They responded in zombie-like boredom: “We know.”

“Is it from the Nazis?”

“Yes, it’s from the Night of the Long Knives.”

Since some people seemed like they didn’t really understand, I tried to repeat what I’ve learned from reading quotes by the band’s members published in magazines and the like. Taking their name from the Night of the Long Knives, which took place in June 1934, the band Death in June (DIJ) uses Nazi imagery to evoke an aesthetic scene full of nostalgic angst over the purge of the “left wing” of the Nazi movement. Two of their albums have been banned in Germany for the usage of Nazi symbols and, among other things, inserting portions of the SA’s anthem into their songs.

The SA (Sturmabteilung), also known as the Brownshirts, served as Hitler’s paramilitary force. Led by Ernst Röhm, they were notorious for killing leftists and opponents of the Nazi movement.

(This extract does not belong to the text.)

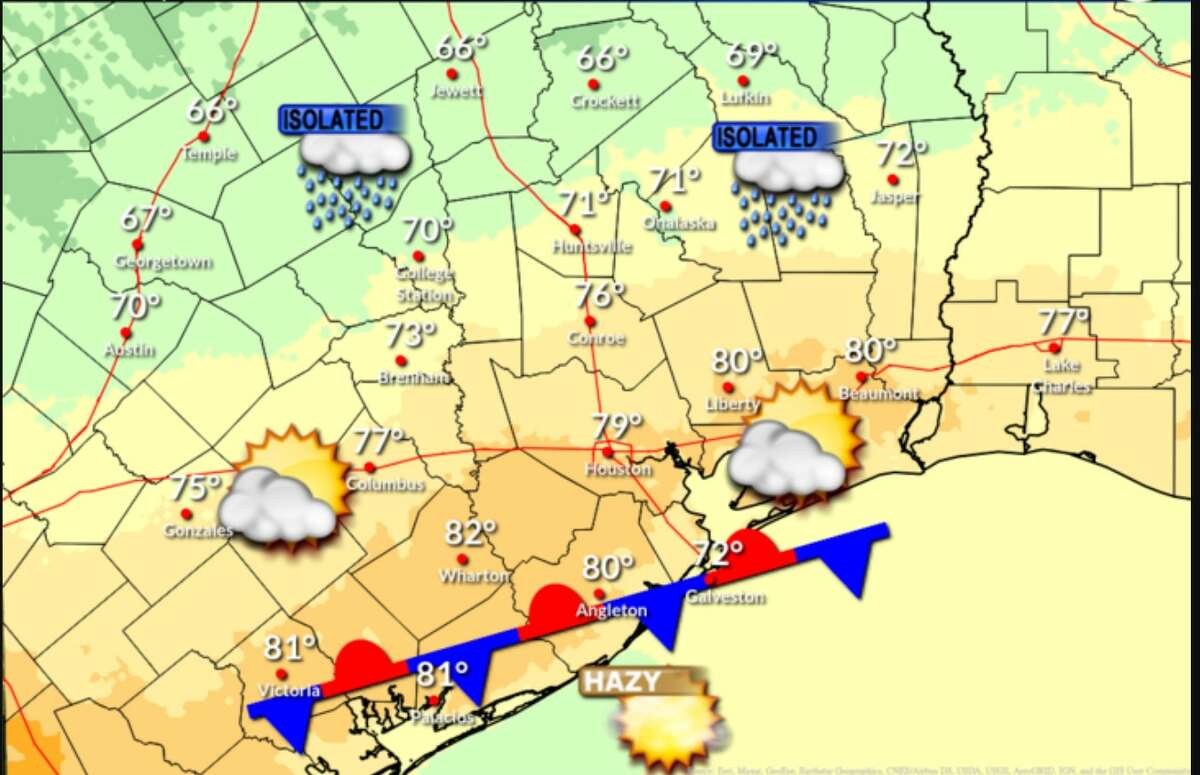 There's a chance of rain in some parts of the Houston area on Friday.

Because they provided the muscle, and fascism often relies on muscle, the SA were found everywhere the Nazis were. They were also unruly and debaucherous, equally famous for their violence as for their late-night, drunken orgies in which sexual inhibitions were banished. They were also (of course) anti-Semitic, racist, and xenophobic, and were largely responsible for the infamous Kristallnacht, the anniversary of which was being celebrated (if indirectly) by the Death in June show.

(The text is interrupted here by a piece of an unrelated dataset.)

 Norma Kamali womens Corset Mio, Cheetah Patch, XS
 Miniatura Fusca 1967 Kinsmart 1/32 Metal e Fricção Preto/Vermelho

The crowd responded to my sermon on the subject rather lethargically, until one intelligent-looking fellow blurted out “Situationism!” One method that DIJ’s apologists use to shirk accountability for advocating a “left-wing Nazism” is to present platitudes about artistic freedom and the free-floating games of signifiers deployed by Situationists and denizens of punk rock’s more obscure archives. I recalled my conversation with the band’s promoter, who claimed that, just as Marilyn Manson and Slayer use Nazi imagery, so too should Death in June blur the lines of acceptable communication.

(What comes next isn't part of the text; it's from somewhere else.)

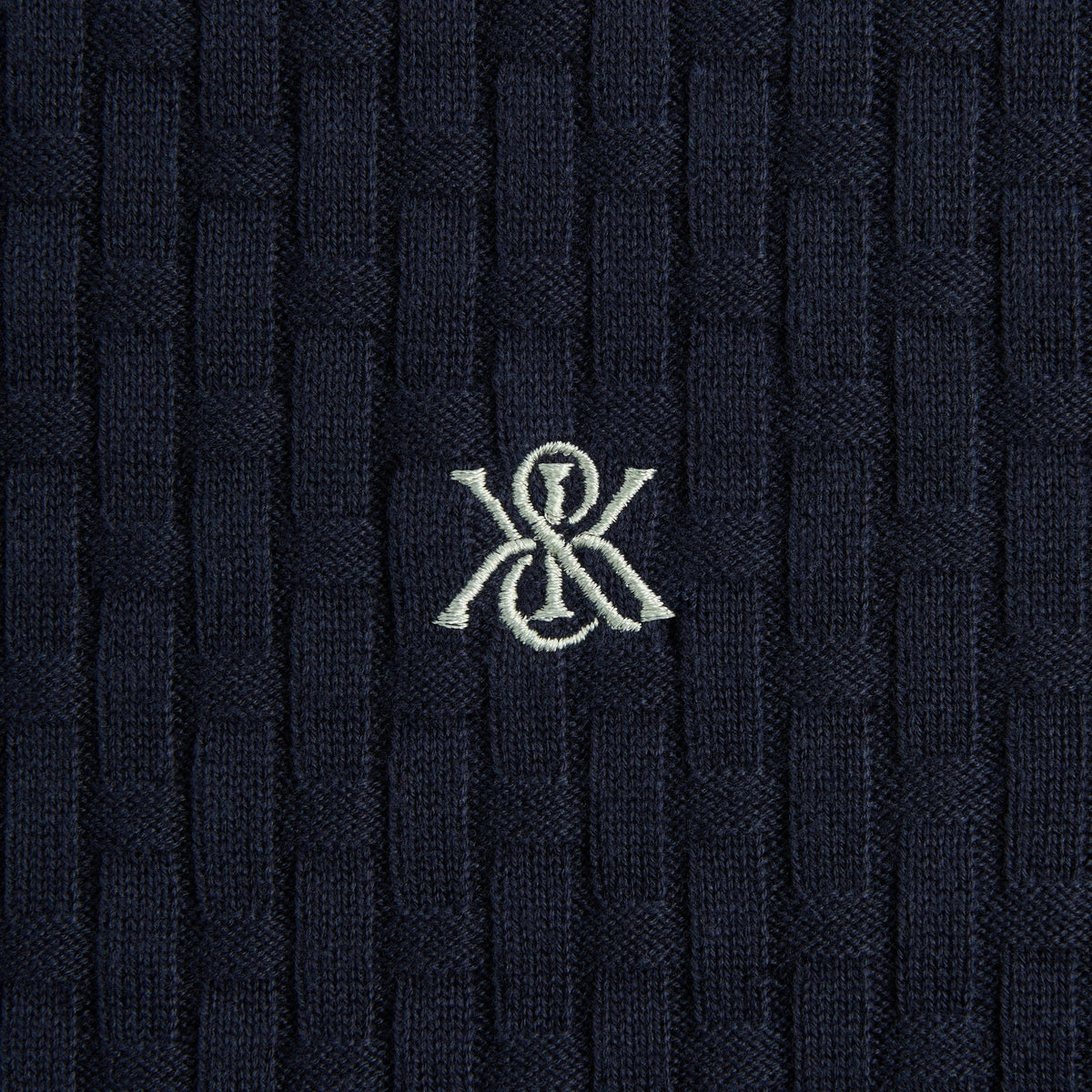 Kith Basketweave Tilden Crewneck - Nocturnal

Neither Slayer nor Marilyn Manson contributes money to genocidal causes. On the other hand, the singer of Death in June visited a genocidal Croatian militia during the ethnic cleansing of Serbs in 1992, recorded an album called “Something is Coming” from Croatia at that time, donated to a Croatian nationalist military hospital, and has reportedly called Serbs “barbarians,” declaring his decision to give substantive support to the genocide to be a “cultural” and “Euro-socio” decision (I hardly think that this approach is defensible in terms of Guy Debord’s Situationist theory presented in Society of the Spectacle; in fact, it appears more like a reproduction of the spectacle of European nationalism and white pride). Slayer and Marilyn Manson also did not publish music on far-right-wing record labels, whereas DIJ has published songs on extreme-right wing compilations (such as one commemorating the Nazi propagandist and documentarian, Leni Reifenstahl, whom Susan Sontag wrote up as a fascist long after the end of the war in the essay “Fascinating Fascism”); neither do they belabor Nazism as the principle aesthetic aspect of their approach. Slayer and Marilyn Manson also have not applauded atrocities against immigrants and people of color, whereas witnesses state that DIJ’s lead singer once dedicated a song to the “White Wolves” (who bombed two markets in England, killing 3 and injuring more than a hundred back in 1999).

Comfort among Nazis

All these claims rolled like water off a ducks back off the concert-goers. Representing genocide? Situationism! Giving money to a genocidal military? No answer. The crowd continued to insist, “We’re not Nazis! We don’t like Nazis,” until some real Nazi skinheads started to show up and regulate. Even the fans that seemed less Nazi and more Indy (meaning independent, not Indo-European), wore the symbols that the band uses: the totenkopf (the SS’s skull and bones insignia) over a rainbow-colored background, for example. Indeed, the fact that the lead singer is gay is used by fans of the band to suggest the band is actually anti-Nazi. Then again, the leader of the SA, Ernst Röhm, was gay, and noted for hiring his lovers up the SA’s hierarchy. This, of course, did not stop some of the band’s fans from calling the group of around 50 antifascists who came to protest “homophobes.”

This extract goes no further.